Supreme Court ruling shielding religious schools welcomed by some Jewish groups
'It’s not the government’s business to tell churches, synagogues, mosques, temples how they pass the faith on to the next generation'
Jewish groups are celebrating the Supreme Court’s decision on Wednesday in Our Lady of Guadalupe School v. Morrisey-Berru, in which the court ruled that religious schools are exempt from employment discrimination laws when it comes to hiring teachers who perform religious duties.

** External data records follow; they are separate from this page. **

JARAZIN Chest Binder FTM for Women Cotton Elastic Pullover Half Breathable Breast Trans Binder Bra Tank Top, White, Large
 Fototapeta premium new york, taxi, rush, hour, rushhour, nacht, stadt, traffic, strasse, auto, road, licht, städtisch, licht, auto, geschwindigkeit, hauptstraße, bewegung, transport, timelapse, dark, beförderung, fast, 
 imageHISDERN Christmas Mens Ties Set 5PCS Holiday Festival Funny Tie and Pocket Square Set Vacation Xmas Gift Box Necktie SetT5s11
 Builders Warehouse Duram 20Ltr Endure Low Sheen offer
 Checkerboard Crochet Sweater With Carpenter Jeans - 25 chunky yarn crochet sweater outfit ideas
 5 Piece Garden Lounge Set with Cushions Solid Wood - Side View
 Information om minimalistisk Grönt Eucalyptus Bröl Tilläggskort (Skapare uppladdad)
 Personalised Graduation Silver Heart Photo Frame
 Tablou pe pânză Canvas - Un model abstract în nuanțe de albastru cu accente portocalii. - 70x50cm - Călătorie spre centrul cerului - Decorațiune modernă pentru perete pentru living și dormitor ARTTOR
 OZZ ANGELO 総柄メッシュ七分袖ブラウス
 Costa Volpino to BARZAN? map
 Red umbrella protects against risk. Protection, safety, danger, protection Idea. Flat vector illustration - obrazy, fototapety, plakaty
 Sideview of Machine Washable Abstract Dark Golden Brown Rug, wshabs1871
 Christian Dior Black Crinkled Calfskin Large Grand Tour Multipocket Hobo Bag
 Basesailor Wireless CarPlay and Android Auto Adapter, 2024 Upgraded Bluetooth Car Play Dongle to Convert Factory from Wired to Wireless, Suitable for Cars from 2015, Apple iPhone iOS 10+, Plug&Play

“The religious education and formation of students is the very reason for the existence of most private religious schools, and therefore the selection and supervision of the teachers upon whom the schools rely to do this work lie at the core of their mission,” Justice Samuel Alito wrote in the opinion for the 7-2 majority. “Judicial review of the way in which religious schools discharge those responsibilities would undermine the independence of religious institutions in a way that the First Amendment does not tolerate.”
Justices Sonia Sotomayor and Ruth Bader Ginsburg dissented.
The American Jewish Committee, which submitted an amicus brief in the case, welcomed the decision.
“We’re pleased,” AJC chief legal officer Marc Stern told Jewish Insider. “It’s also surprising that you had a 7-2 decision and not a 5-4 decision which has come to characterize decisions about the religion clause of the Constitution. It shows there are still some issues on which it’s possible to have a broader array of justices reaching a decision.”
“It’s a long-standing position of the AJC that religious groups ought to be free within very broad limits to shape the way they pass the faith on to others,” Stern continued. “It’s not the government’s business to tell churches, synagogues, mosques, temples how they pass the faith on to the next generation.”
However, he cautioned, “it behooves schools not to abuse [the] privilege” the court granted them in this case.
Stephen Kravit, an attorney for the Milwaukee Jewish Day School, which also filed an amicus brief, praised the court for providing “more clarity and guidance for Jewish day schools in how the ministerial exception applies.”
In a statement to JI, Kravit also noted that the court’s decision leaves open possibilities for future challenges.
Wednesday’s decision follows another ruling on parochial schools last week. In Espinoza v. Montana Department of Revenue, the court ruled that states cannot exclude religious schools from scholarship programs that provide a tax credit to contributors.
The Supreme Court also released a second decision on religious freedom issues on Wednesday, ruling that employers can cite religious or moral objections to decline to include free contraceptives in their health care plans.